Saturday, September 27, 2014

Meet the students

Hello dear Interwebs nomad. Since you have made it this far into who-knows-where, stay a while. Listen to some stories from a wizened young lass who actually isn't that wise but likes to fancy she is.

Today I'll tell you about some adorable monsters that will trick your heart open and make you want to forgive their every action. They are... my students.
Korean 3rd and 4th graders.
Heart-controling, mind-bending Korean 3rd and 4th graders.

To help you understand the current situation first you need some information:

It's now Day 88.
88 days since I came to Korea. And I've been teaching at my school for over a month now!

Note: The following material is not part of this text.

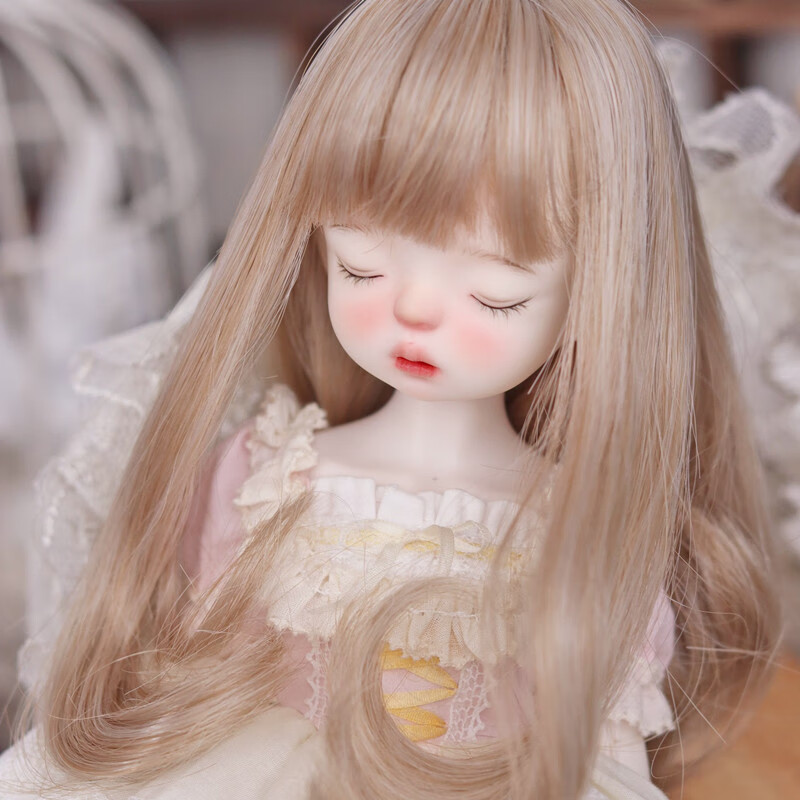 6分娃娃假发60cm叶罗丽假毛长卷发bjd芭比娃娃换装假发高温丝头发 6分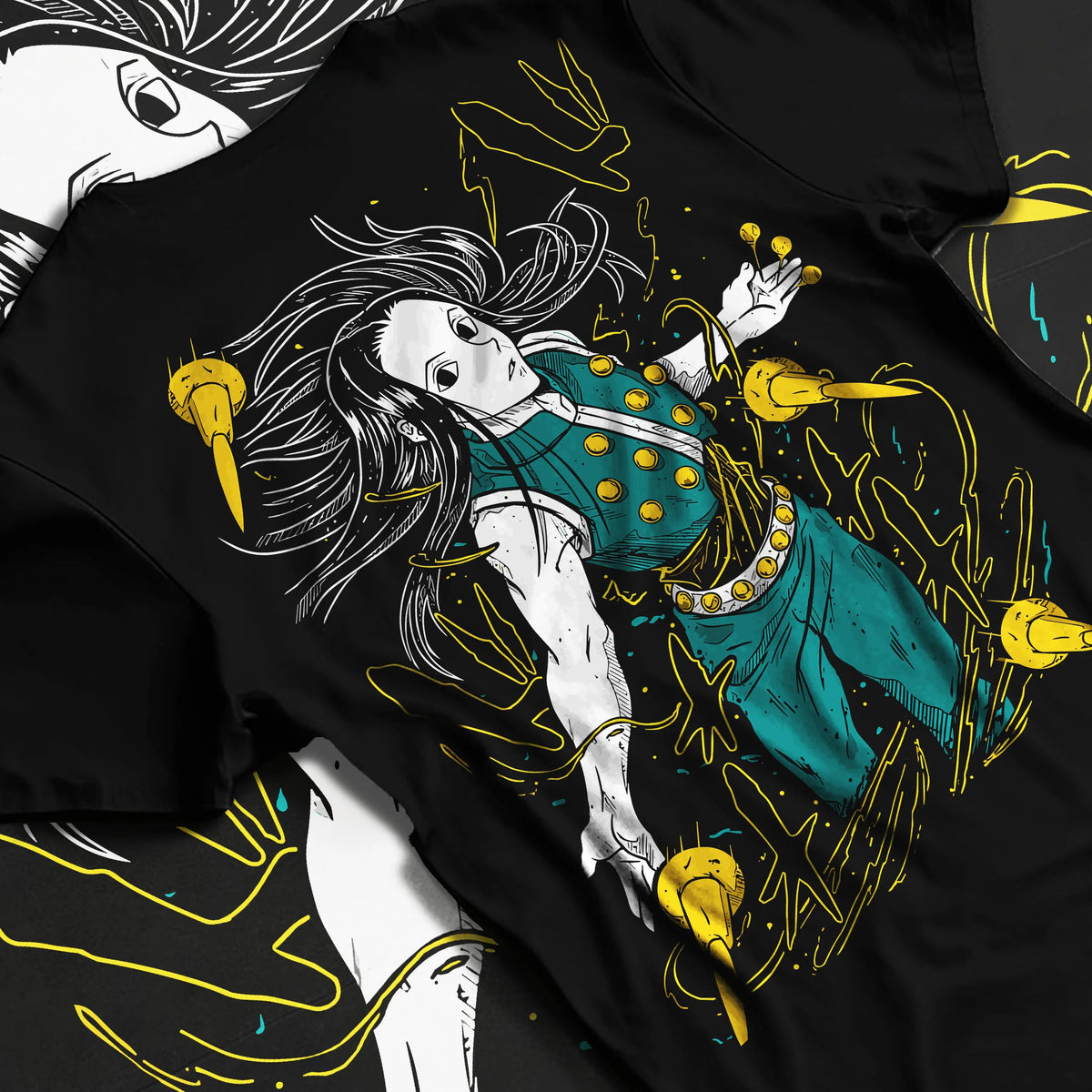 Black T-shirt flat back view showing Illumi Zoldyck from Hunter x Hunter: needle-manipulation pose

The tour of the school itself will have to wait because I still haven't taken any photos of the grounds… But I have more than enough to share for this post!

My desk is in the school's English classroom - a really awesome room with tons of materials for English learning. The 5th and 6th graders have class there, along with the after school club classes.
Me at my desk. Photo credit to Jiwon (you'll learn about her soon…)

Since our desks are part of the classroom we don't exactly have the same kind of privacy as the other teachers' office rooms (the best personal, American equivalent I can make is the mysterious and forbidden teachers lounges that we could never enter as elementary schoolers, except here, teachers have their desks there as well and do most there work there). Every morning, lunch break, and any other chance these little rascals get, students always come running to our classroom to clamor around our desks and/or play games in the classroom. This makes lesson-planning and prep rather difficult since the students constantly want attention…

With one exception! One of my 4th graders is actually kind of helpful!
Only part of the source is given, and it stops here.